[Exercise aim]:
Find the line in the entries below that contains "Junge glückliche Frau". Repeat it exactly, and every line after it through the line that contains "Toiletbygningen på Nordstrandsvej.".

[Information shown]:
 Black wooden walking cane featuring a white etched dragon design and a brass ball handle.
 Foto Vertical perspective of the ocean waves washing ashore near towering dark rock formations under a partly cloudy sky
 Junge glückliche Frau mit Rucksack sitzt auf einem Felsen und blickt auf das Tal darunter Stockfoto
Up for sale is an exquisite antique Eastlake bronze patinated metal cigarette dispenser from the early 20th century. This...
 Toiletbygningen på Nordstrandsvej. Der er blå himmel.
--
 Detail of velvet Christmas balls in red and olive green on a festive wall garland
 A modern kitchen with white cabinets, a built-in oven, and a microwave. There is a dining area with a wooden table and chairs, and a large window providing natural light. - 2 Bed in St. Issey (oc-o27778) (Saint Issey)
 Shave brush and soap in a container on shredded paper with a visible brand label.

[Exercise solution]:
 Junge glückliche Frau mit Rucksack sitzt auf einem Felsen und blickt auf das Tal darunter Stockfoto
Up for sale is an exquisite antique Eastlake bronze patinated metal cigarette dispenser from the early 20th century. This...
 Toiletbygningen på Nordstrandsvej. Der er blå himmel.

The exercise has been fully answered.